◆ Work to be completed
The records below need to be repeated exactly, though not their pictures.

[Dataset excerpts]
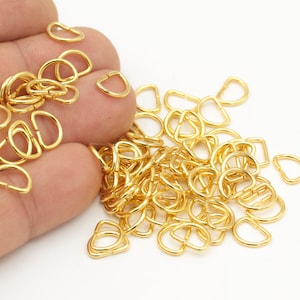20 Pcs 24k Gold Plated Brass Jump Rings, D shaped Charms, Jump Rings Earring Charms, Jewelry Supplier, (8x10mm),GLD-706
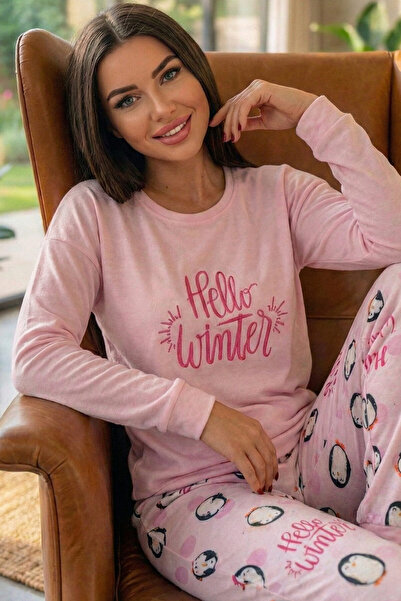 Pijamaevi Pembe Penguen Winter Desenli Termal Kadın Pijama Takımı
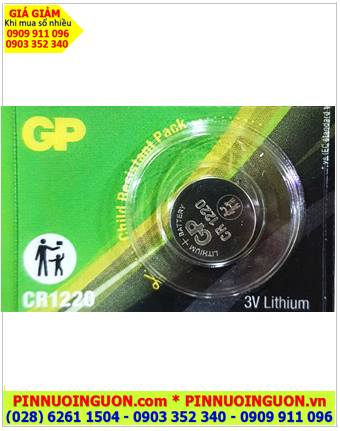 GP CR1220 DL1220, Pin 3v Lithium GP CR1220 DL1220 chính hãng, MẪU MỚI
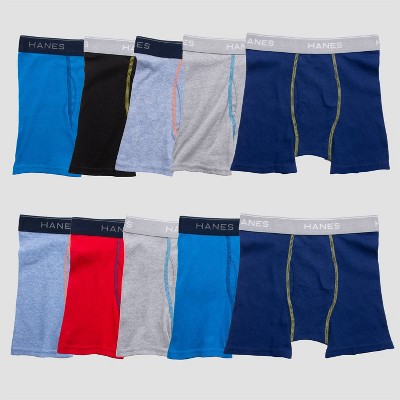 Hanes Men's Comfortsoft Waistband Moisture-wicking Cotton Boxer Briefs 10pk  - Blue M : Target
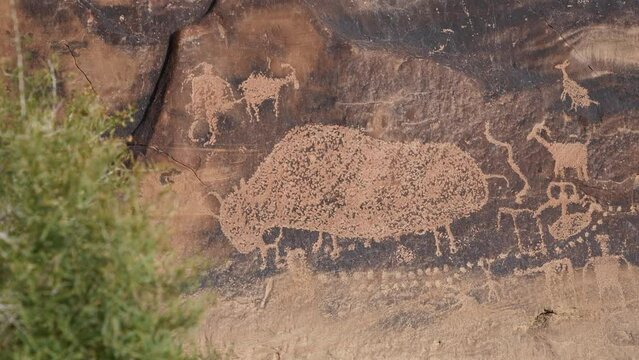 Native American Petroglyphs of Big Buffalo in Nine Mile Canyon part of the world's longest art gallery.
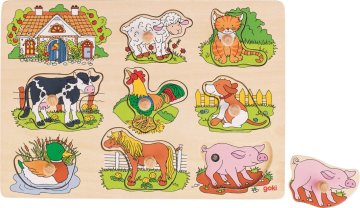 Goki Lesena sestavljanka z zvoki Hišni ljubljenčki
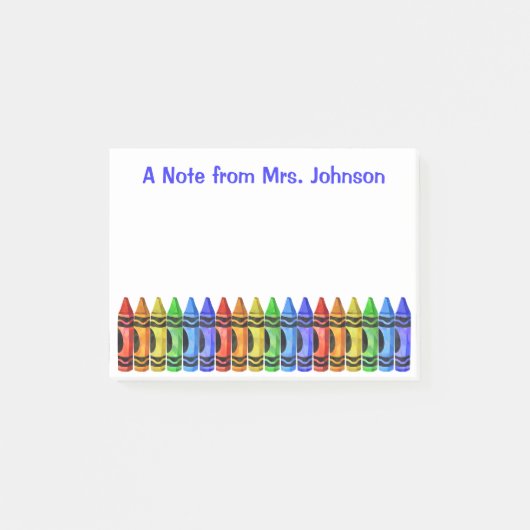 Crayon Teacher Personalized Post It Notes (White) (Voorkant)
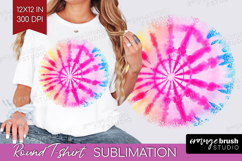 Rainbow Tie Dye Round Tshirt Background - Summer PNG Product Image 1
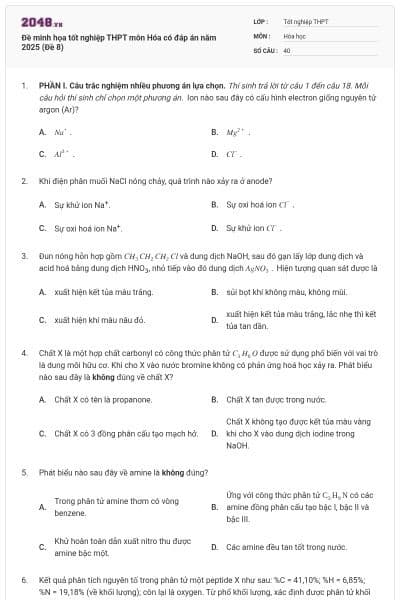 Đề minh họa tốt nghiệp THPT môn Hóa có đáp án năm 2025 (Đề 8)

◆ Output for this exercise
20 Pcs 24k Gold Plated Brass Jump Rings, D shaped Charms, Jump Rings Earring Charms, Jewelry Supplier, (8x10mm),GLD-706
 Pijamaevi Pembe Penguen Winter Desenli Termal Kadın Pijama Takımı
 GP CR1220 DL1220, Pin 3v Lithium GP CR1220 DL1220 chính hãng, MẪU MỚI
 Hanes Men's Comfortsoft Waistband Moisture-wicking Cotton Boxer Briefs 10pk  - Blue M : Target
 Native American Petroglyphs of Big Buffalo in Nine Mile Canyon part of the world's longest art gallery.
 Goki Lesena sestavljanka z zvoki Hišni ljubljenčki
 Crayon Teacher Personalized Post It Notes (White) (Voorkant)
 Rainbow Tie Dye Round Tshirt Background - Summer PNG Product Image 1
 Đề minh họa tốt nghiệp THPT môn Hóa có đáp án năm 2025 (Đề 8)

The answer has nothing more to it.